To complicate matters further for the English teacher, responding to  student writing is a complex enterprise. Responding to one student paper  is hard work. When you multiply that times 150 papers, day in and day  out, teachers have always looked to simplify their lives. Thus  responding to student writing became dependent on the mystery of grammar and punctuation because grammar and punctuation, inexplicably, made the teacher’s response to writing  easier, and seemingly more concrete:
 
  • Dangling modifier = -3 points
  • Comma splice = -2 points
  • Misspelled word = -1 point
In other words, grammar and punctuation appears objective; grammar and punctuation appears explicit;  grammar and punctuation makes the response to writing quantitative and scientific.

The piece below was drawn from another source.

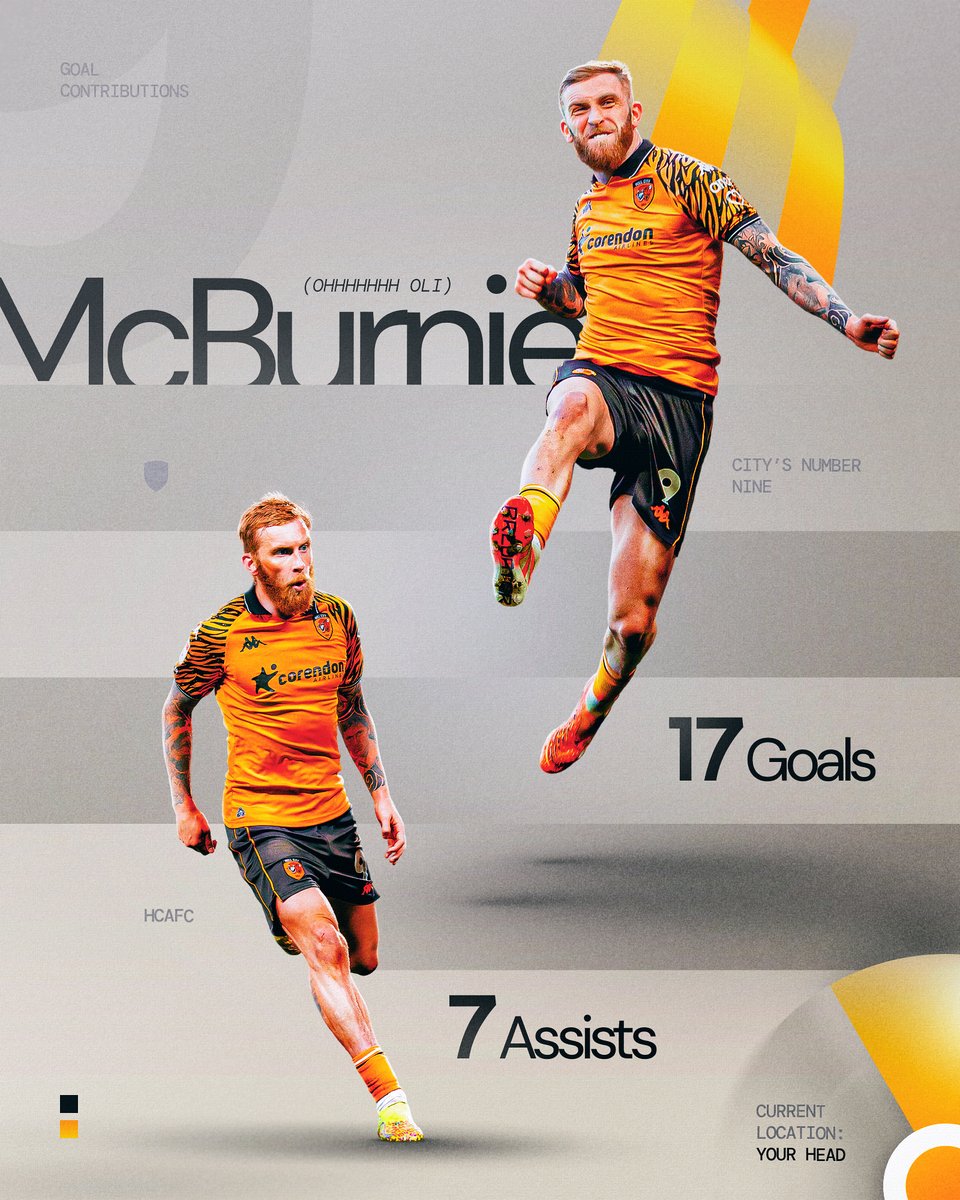 Hull City tweet media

A  writing teacher can find as many grammar and punctuation errors as  necessary, assign a numerical value to each, and give the paper a score.  Unfortunately, this allowed teachers to avoid the messy,  time-consuming, difficult (and subjective) scoring that comes with  responding to higher-order issues in writing. Therefore, in this way,  grammar and punctuation has become synonymous with writing for far too many people  across the country.
 
This leads to a key misrepresentation of grammar and punctuation: learning grammar and punctuation makes you a better writer. For this false claim (and others), grammar and punctuation has  been exalted among the practices of writing, placed on high without  evidence or reason.
 
But we make no false promises. This chapter will further your understanding of the complexity of language and the various grammatical and punctuation choices amidst that complexity. This chapter, in particular, will help you understand how to punctuate correctly (what the choices  are and why one choice is more correct than another). But it will not, alone, make you a better “writer.” To be a better  writer, you need to understand, both practically and  theoretically, a wide range of writerly skills that go far beyond mere grammar and punctuation.